▶ _PROBLEM STATEMENT_: Nothing in the entries may change when you repeat them, and no images may appear.

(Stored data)

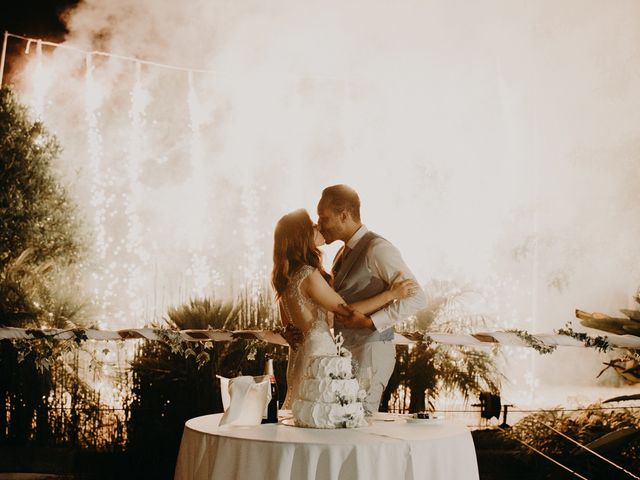 O casamento de Phael e Sara em Vila Nova de Famalicão, Vila Nova de Famalicão 3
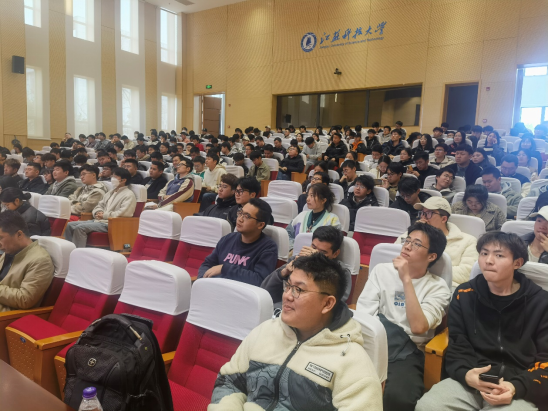 1680575852258162.png 3.png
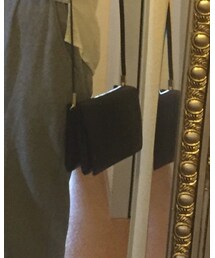 H&M | ショルダーバッグ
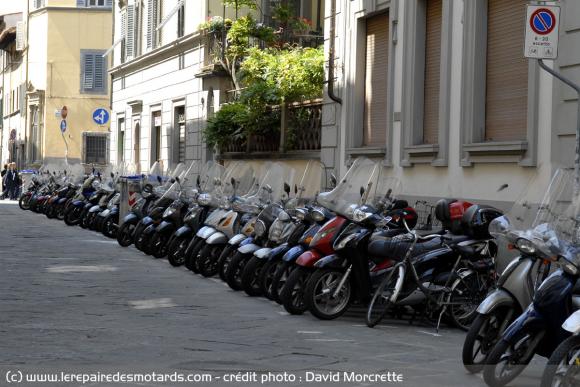 paris-hidalgo-stationnement-payant-motos-scooters_hd.jpg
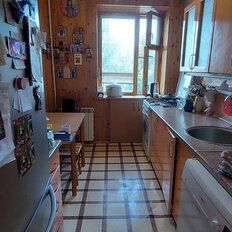 Квартира 50 м², 2-комнатная - изображение 2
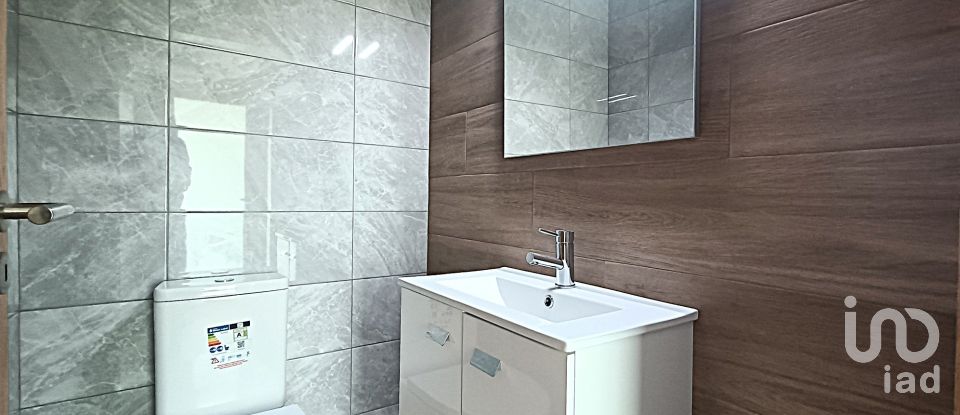 Moradia T3 em Vale de 208 m²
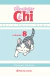 DULCE HOGAR DE CHI VOL 08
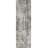 Hudgens Performance Abstract Shag Area Rug-501475466-473408120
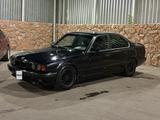 BMW 528 1991 годаүшін1 300 000 тг. в Павлодар – фото 3
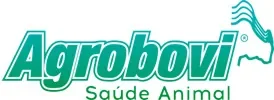 Logo Cliente A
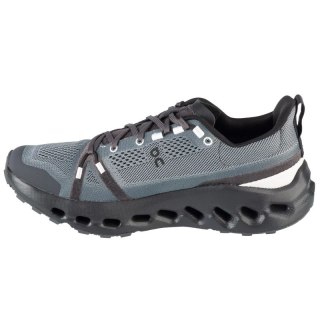 Buty biegowe On Cloudsurfer Trail M 3ME10110264 On Running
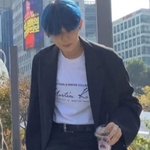 상짧하길 <b>정석</b>은 누구인거같아?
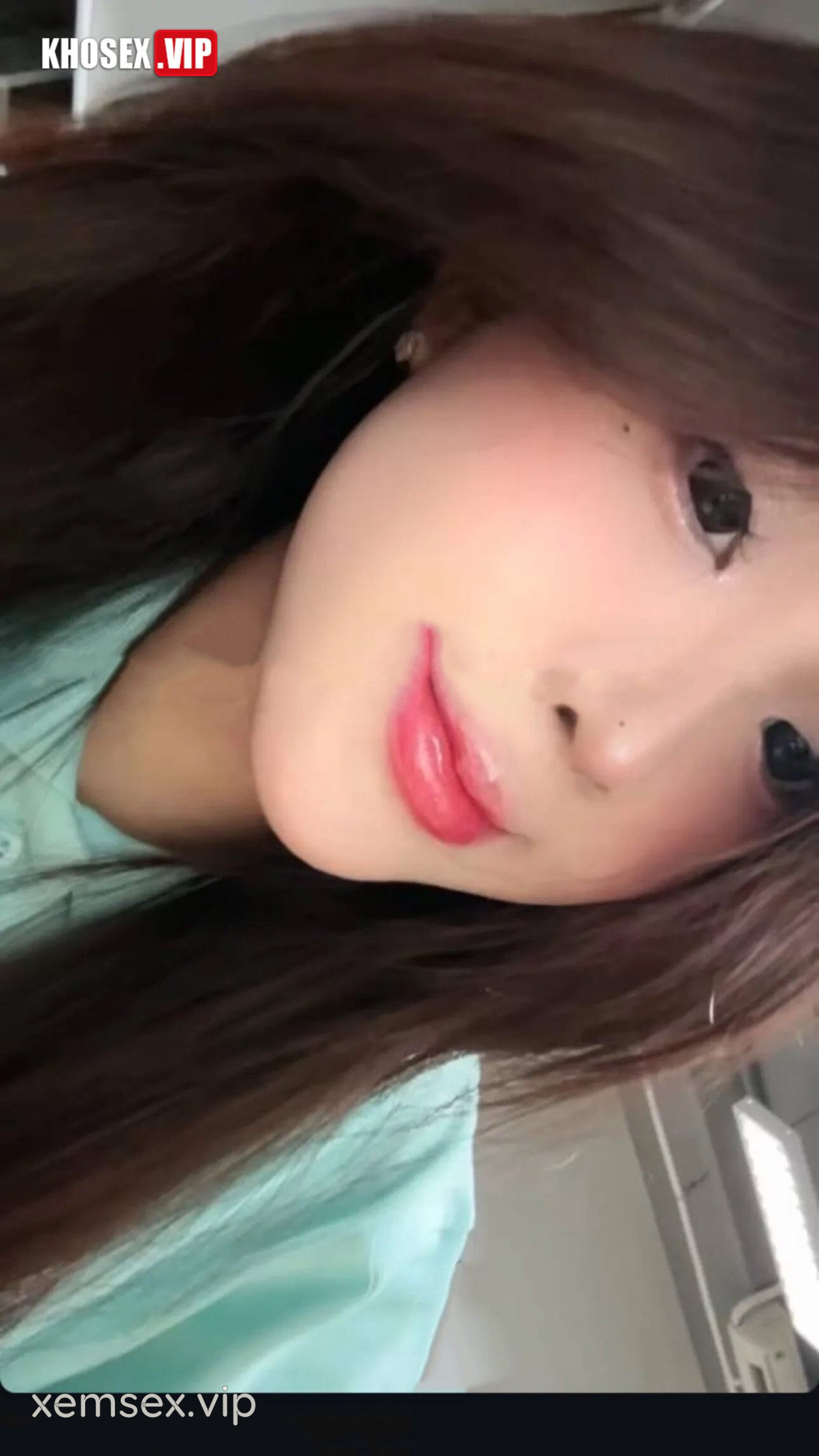 clip-sex-viet-em-sgbb-trinh-le-thao-nguyen-cuc-ngon-bi-dit-2-lo-thong-ass-xuat-tinh-trong-full-clip-pic-hinh-02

▶ _WRITTEN SOLUTION_:
 O casamento de Phael e Sara em Vila Nova de Famalicão, Vila Nova de Famalicão 3
 1680575852258162.png 3.png
 H&M | ショルダーバッグ
 paris-hidalgo-stationnement-payant-motos-scooters_hd.jpg
 Квартира 50 м², 2-комнатная - изображение 2
 Moradia T3 em Vale de 208 m²
 DULCE HOGAR DE CHI VOL 08
 Hudgens Performance Abstract Shag Area Rug-501475466-473408120
 BMW 528 1991 годаүшін1 300 000 тг. в Павлодар – фото 3
 Logo Cliente A
 Buty biegowe On Cloudsurfer Trail M 3ME10110264 On Running
 상짧하길 <b>정석</b>은 누구인거같아?
 clip-sex-viet-em-sgbb-trinh-le-thao-nguyen-cuc-ngon-bi-dit-2-lo-thong-ass-xuat-tinh-trong-full-clip-pic-hinh-02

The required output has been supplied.